Hoover was a Capitalist, and a constitutional conservative. When the Stock Market crashed 8 months into his Administration (something that was really beyond his control, if the truth be told) Hoover believed the best course of action was LESS government interference, choosing to rely on private measures to solve the growing crisis.

So, in 1932, when Franklin D. Roosevelt delivers a message of a “New Deal,” the American people are ready for action. Hoover looses his job and Roosevelt will never give up power until his death in 1945. (Yes, he served as President for 13 consecutive years)

This is not a knock on President Roosevelt. This is just to inform you of a great man who is often lost in the shadow of his successor and the events that quickly followed him.

When I was a kid, all I knew about President Herbert Hoover was that he had a funny first name and a last name that reminded me of a vacuum cleaner.

When I went to college, all I learned about him was that he seemed to be personally responsible for the crash of the Stock Market and the Great Depression.  Usually, he is given half of a lecture and described as an inefficient buffoon who sat on his hands for three years while American’s stood in soup lines.

Of course, these same professors usually spent a week or more on President Roosevelt.

Hoover has been sidelined and forgotten in the annals of American Presidents while other names like Lincoln, Washington, and Kennedy scream for our attention.

Now, let’s play a little game called “It’s A Wonderful Life.” I can imagine Herbert Hoover feeling quite discouraged after the American people fired him and blamed him for the Great Depression. He might have even had nights where he wished he had never been born.

Really?  Can we count how many lives might have been lost if he had not been alive to save them? Set his inaction as President aside for a moment. That is another debate entirely. Not just children in China, or a hundred thousand Americans trapped in Europe as shells start flying, but just focus on Russia.

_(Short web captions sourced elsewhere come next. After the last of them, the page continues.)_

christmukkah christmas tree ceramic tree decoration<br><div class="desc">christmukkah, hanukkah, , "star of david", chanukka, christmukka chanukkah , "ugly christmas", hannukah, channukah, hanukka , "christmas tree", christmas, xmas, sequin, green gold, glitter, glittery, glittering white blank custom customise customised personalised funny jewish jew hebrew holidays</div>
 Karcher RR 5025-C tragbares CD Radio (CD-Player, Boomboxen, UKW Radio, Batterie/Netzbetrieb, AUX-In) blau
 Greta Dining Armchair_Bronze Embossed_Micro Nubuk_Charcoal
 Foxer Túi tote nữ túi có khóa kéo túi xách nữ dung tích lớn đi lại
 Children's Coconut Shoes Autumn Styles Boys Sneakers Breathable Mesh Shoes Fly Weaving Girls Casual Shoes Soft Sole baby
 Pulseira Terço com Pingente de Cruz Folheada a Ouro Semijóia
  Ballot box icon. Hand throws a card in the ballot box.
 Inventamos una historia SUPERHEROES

If he had ignored the plight of these people and shrugged his Capitalist shoulders at their misfortune, what might have happened? It would have been an easy justification for him to make to himself. One that many Americans would have agreed with. After all, Lenin was largely responsible for the disaster, why should Americans spend millions of dollars to save them? Besides, anything that is bad for Communism must be good for Capitalism and the free economies of the West, right?

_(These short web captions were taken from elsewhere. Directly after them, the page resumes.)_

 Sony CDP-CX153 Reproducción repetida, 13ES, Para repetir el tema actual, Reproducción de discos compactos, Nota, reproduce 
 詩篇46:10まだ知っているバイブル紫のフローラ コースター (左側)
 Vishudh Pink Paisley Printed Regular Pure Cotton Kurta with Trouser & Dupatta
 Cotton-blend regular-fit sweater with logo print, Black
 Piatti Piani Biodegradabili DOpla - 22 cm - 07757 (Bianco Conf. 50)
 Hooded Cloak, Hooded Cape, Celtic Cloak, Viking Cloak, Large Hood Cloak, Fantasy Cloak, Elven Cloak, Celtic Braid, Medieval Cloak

He could have easily said, ‘Let them starve.’

He probably wouldn’t have become President, and as much as some of my old College Professors might have liked that, what might have happened soon after that?

Pretend Hoover is not there to feed 10 million Russians 1921. How many of those might have died? Remember, his focus was on the children.

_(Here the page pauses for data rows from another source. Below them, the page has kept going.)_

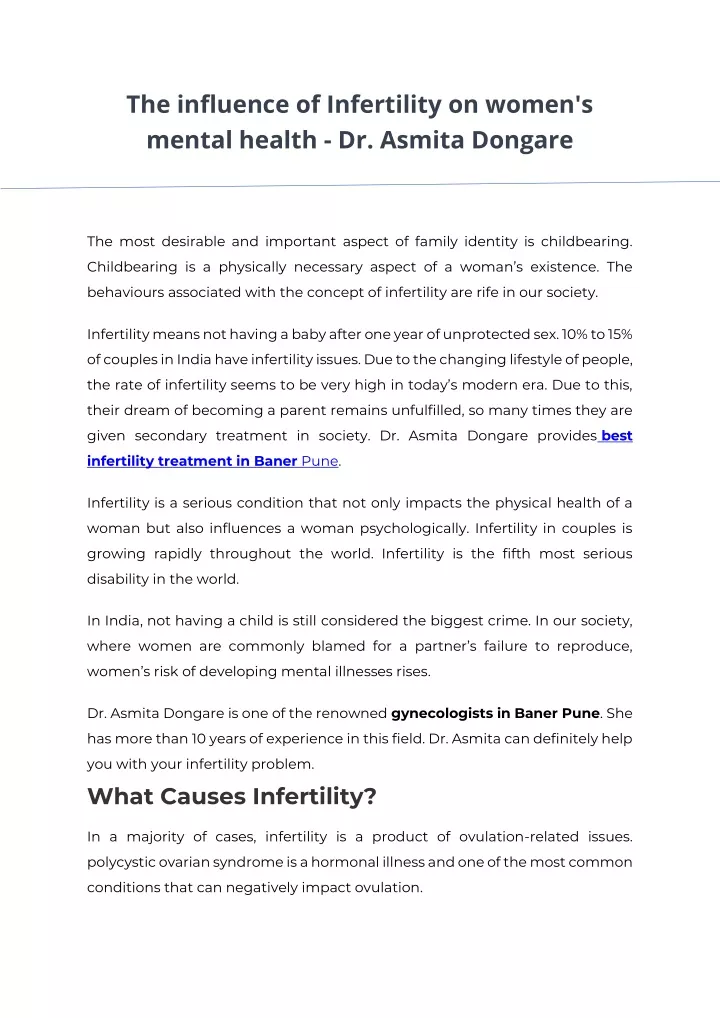 the influence of infertility on women s mental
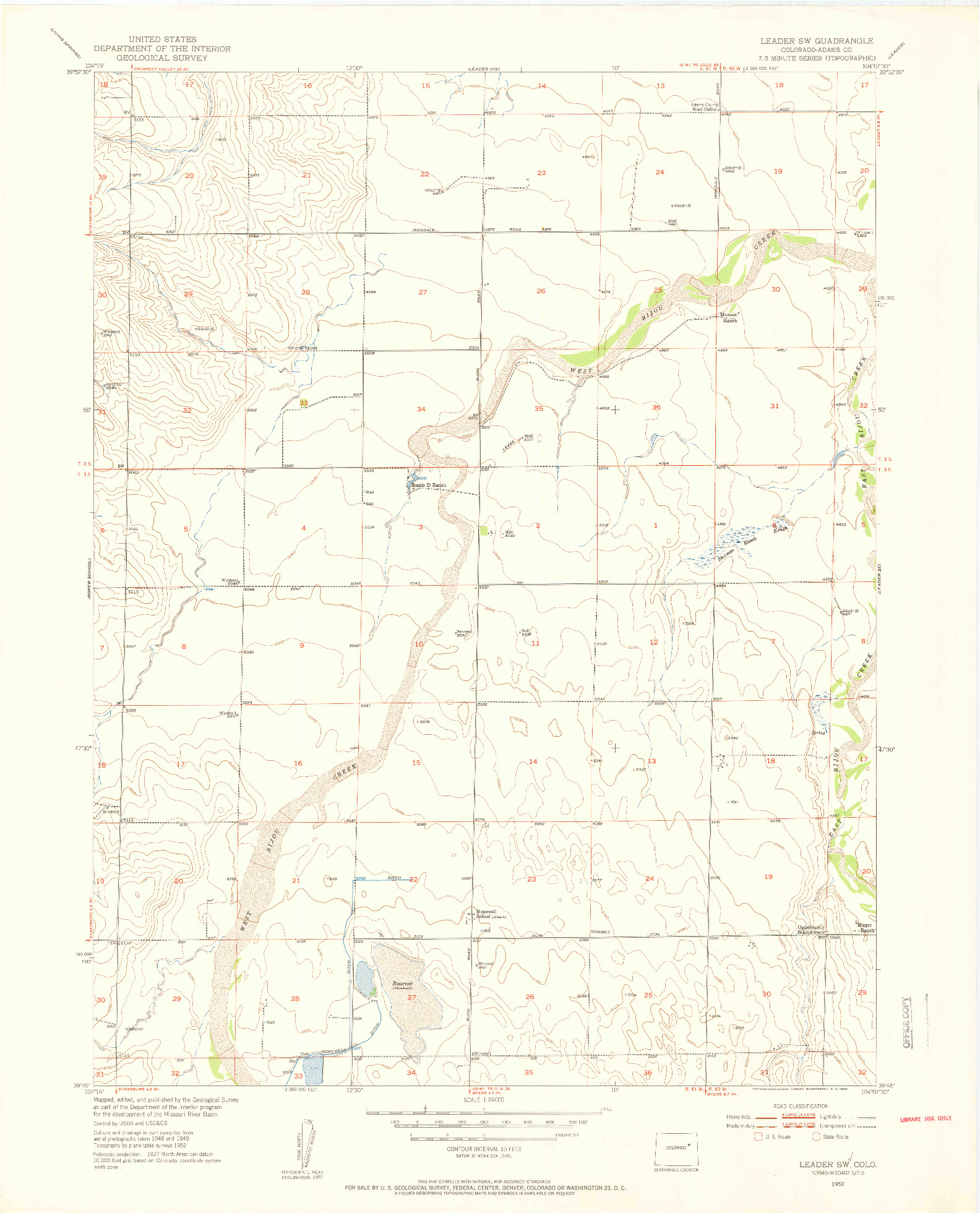 USGS 1:24000-SCALE QUADRANGLE FOR LEADER SW, CO 1952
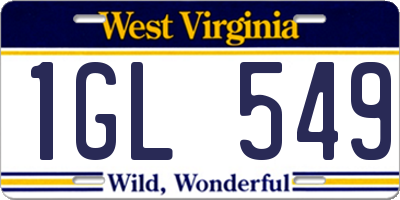 WV license plate 1GL549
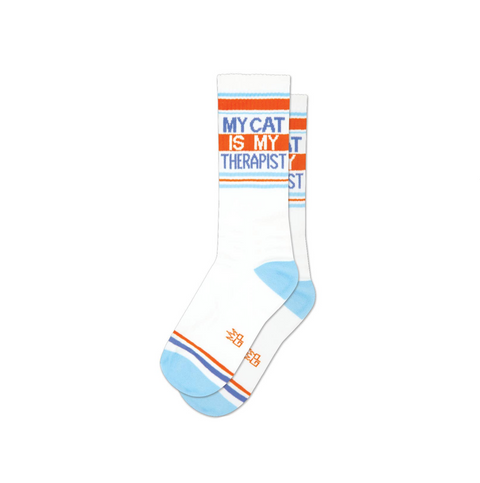 My Cat Is My Therapist Crew Socks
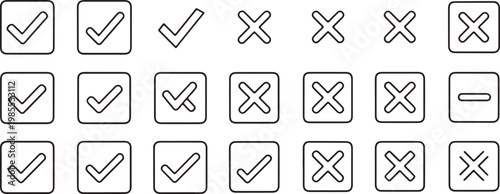 Collection of Monoline Checkbox Icons with Tick and Cross Symbols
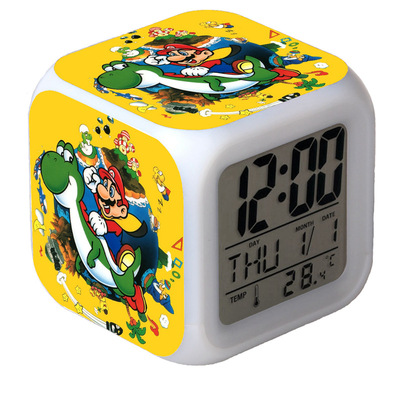 Super Mario 7 Colors Change Digital Alarm LED Clock Gift - Image 18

Children who are fed have a habit of growing up and becoming adult men and women and it usually takes them about 20 years to do it. What if those adults were not alive to stand against another madman named Adolf Hitler when he invades Russia exactly 20 years later? How many of those children who ate the food Hoover helped provide grew to become soldiers and leaders of Russia in World War II?

Only God knows, and he will never tell.

As it was, the Germans assault on Russia brought them within sight of Moscow and a breath away from destroying our Eastern Ally. Had Germany accomplished this in 1941, the Americans and the British may never have been able to pull off D-Day, the liberation of France in 1944 or the destruction of Germany the following spring. Hitler might have won World War II and forced the last of the Allies into terms of surrender…

And yet, those Russian children were fed. Millions of them largely do to the efforts of a pudgy little Quaker from Iowa.

6 thoughts on “How A Pudgy Little Quaker From Iowa Saved The World!

  1. Very interesting, well done Herbert! Who’s says one person can’t make a difference. Story sort of reminds me of, It’s a Wonderful Life.

  2. Thanks for this piece on Herbert Hoover ! He doesn’t get enough credit for all the good he’s done in the world, he’s just held to blame for the sorry economic state of our country during The Depression. The Depression was never fixed by FDR, btw, and perhaps was prolonged by his Governmental Programs, something those college professors (who deal in theory and who also don’t work) fail to mention.